The recent surge in pervasive devices generating dynamic data streams has underscored the necessity for learning systems to adapt to data distributional shifts continually. To tackle this challenge, the research community has put forth a spectrum of methodologies, including the demanding pursuit of class-incremental learning without replay data. In this study, we present MIND, a parameter isolation method that aims to significantly enhance the performance of replay-free solutions and achieve state-of-the-art results on several widely studied datasets. Our approach introduces two main contributions: two alternative distillation procedures that significantly improve the efficiency of MIND increasing the accumulated knowledge of each sub-network, and the optimization of the BachNorm layers across tasks inside the sub-networks. Overall, MIND outperforms all the state-of-the-art methods for rehearsal-free Class-Incremental learning (with an increment in classification accuracy of approx. +6% on CIFAR-100/10 and +10% on TinyImageNet/10) reaching up to approx. +40% accuracy in Domain-Incremental scenarios. Moreover, we ablated each contribution to demonstrate its impact on performance improvement. Our results showcase the superior performance of MIND indicating its potential for addressing the challenges posed by Class-incremental and Domain-Incremental learning in resource-constrained environments.

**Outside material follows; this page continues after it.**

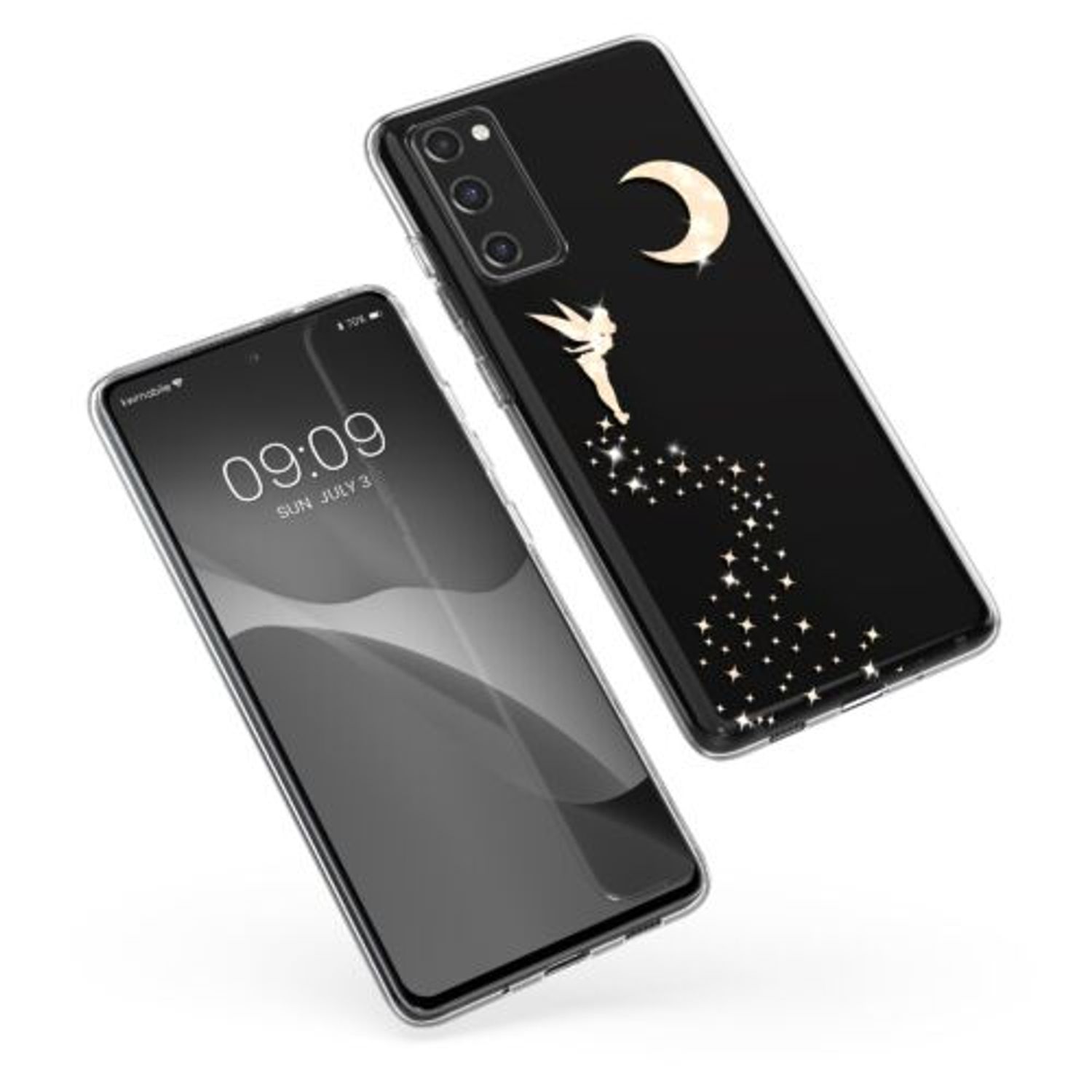 Husa Kwmobile pentru Samsung Galaxy S20 FE, Silicon, Transparent/Auriu, 53606.03 fotografia produsului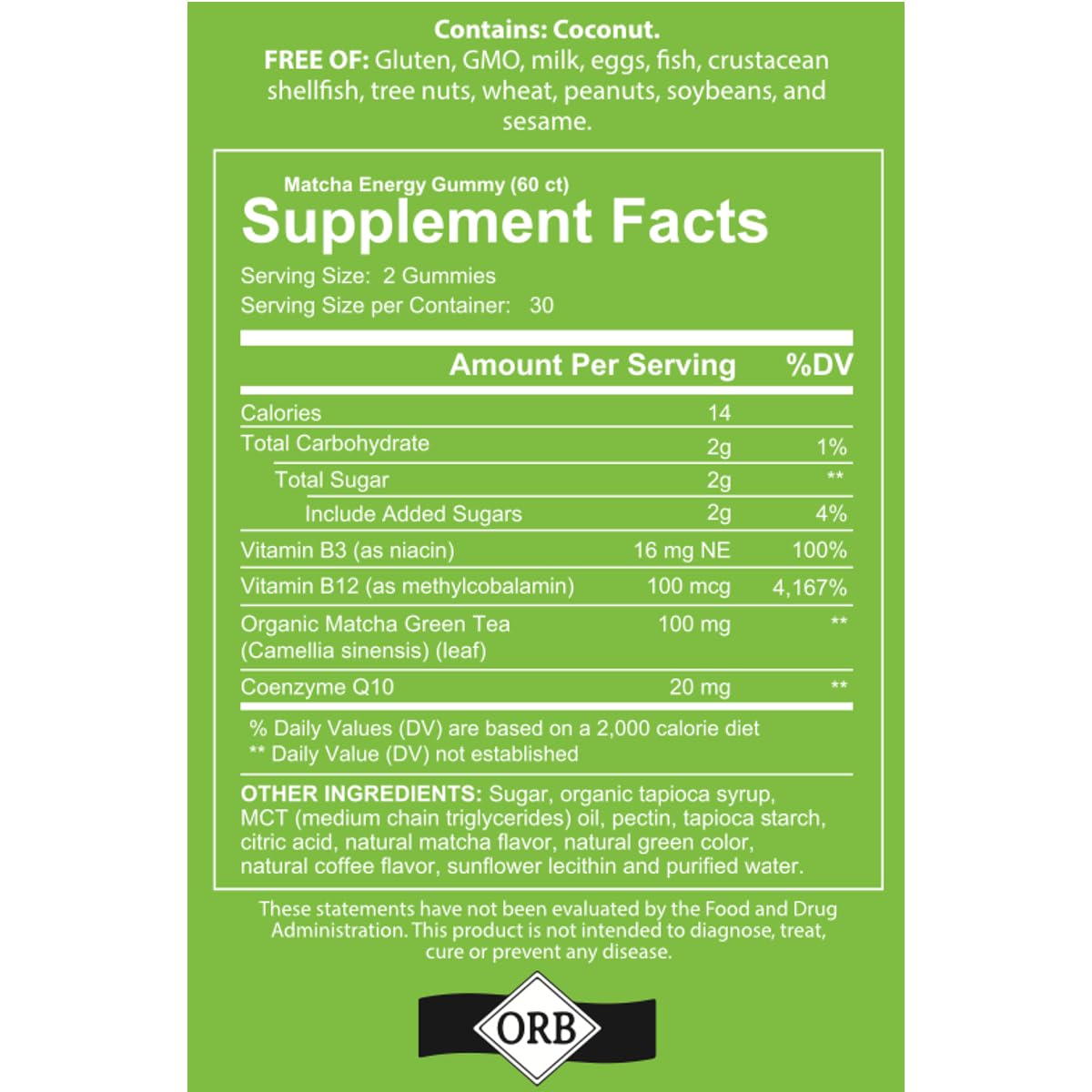 Close-up of Organic Matcha Green Tea powder and CoQ10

翻译：近期，随着产生动态数据流的普适设备激增，学习系统持续适应数据分布变化的需求日益凸显。为应对这一挑战，研究社区提出了一系列方法，包括对无需回放数据的类增量学习这一高难度方向的探索。在本研究中，我们提出MIND方法——一种参数隔离方法，旨在显著提升无回放方案的性能，并在多个广泛使用的数据集上达到最先进水平。我们的方法包含两项主要创新：其一，两种可显著提高MIND效率的替代蒸馏流程，能增强每个子网络的累积知识；其二，对子网络内各任务间的批归一化层进行优化。总体而言，MIND在无重放类增量学习场景中优于所有现有方法（在CIFAR-100/10上的分类精度提升约+6%，在TinyImageNet/10上提升约+10%），在域增量场景中精度提升高达约+40%。此外，我们对每项贡献进行消融实验，以证明其对性能提升的影响。实验结果展示了MIND的卓越性能，表明其在资源受限环境中应对类增量学习与域增量学习挑战的潜力。